To assess the proportion of developers and pairs for each of the four features and their metrics in the whole network, we perform a filter per metric (related to a relationship). Table 4 shows the number of remaining developers and pairs when we remove edges that do not have a specific metric. For example, after filtering the JavaScript network by the UAI metric, 4.5% of the developers and 0.54% of the pairs remain in relation to the complete network.

Overall, the results show few nodes and edges remain in the network for metrics with social factors (BIF and UIS); i.e., most GitHub developers do not consider such functionalities when collaborating in a repository. Regarding technical metrics (UAI, UPR and BPR), there are fewer nodes and edges, because a large part of issues and pull requests in the repositories comes from external users, i.e., non-collaborators. Such behavior may occur because, most probably, they are made by the software (or application) users or developers who forked the base repository. As forks are not considered in our modeling, they are not accounted for in the relationships based on technical features.

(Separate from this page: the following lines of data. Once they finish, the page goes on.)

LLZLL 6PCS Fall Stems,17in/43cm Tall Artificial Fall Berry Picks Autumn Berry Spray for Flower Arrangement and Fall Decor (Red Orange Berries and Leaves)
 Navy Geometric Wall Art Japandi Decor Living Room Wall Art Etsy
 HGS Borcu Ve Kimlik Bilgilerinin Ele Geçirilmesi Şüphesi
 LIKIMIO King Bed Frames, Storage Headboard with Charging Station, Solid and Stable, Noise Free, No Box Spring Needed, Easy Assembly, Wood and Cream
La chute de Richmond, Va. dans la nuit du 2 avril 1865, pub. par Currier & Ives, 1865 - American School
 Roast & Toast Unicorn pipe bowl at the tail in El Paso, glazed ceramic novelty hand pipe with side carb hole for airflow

Table 4 Participation in the network from selected metrics (absolute and percentage values)

5.2.2 Correlation analysis of new metrics

Now, we verify the correlation among the new metrics to assess their independence, or ability to provide new information. Figure 5 presents the correlation matrix between the five new metrics for JavaScript and Assembly networks.

Fig. 5
figure 5

Pearson correlation analysis among the new metrics. Values are in the range \([-1,1]\), in which -1 indicates a complete negative correlation, 1 stands for a total positive correlation, and zero means no linear correlation. Values marked with a cross are not statistically significant (p-values \(\ge 0.05\)). Obs: UAI, Unidirectional Assigned Issues; UPR, Unidirectional Pull Requests; BPR, Bidirectional Pull Requests; BIF, Bidirectional Intensity of Followers; UIS, Unidirectional Intensity of Stars. a JavaScript. b Assembly

For both languages, the correlation between the new metrics is small or insubstantial, with values close to zero. Such result is somehow expected, as each metric considers different factors to calculate the interaction between pairs of developers. The small correlation between UPR and BPR is justified as: UPR considers only a fraction of the total set of pull requests (those created in repositories of a given user); whereas BPR considers all the repositories in the dataset and analyzes the number of pull requests made by the pairs of developers. The low correlation between the metrics is a strong indicator that the proposed semantic properties add new information to the GitHub collaboration network. Therefore, they can all be considered for measuring the strength of such relationships.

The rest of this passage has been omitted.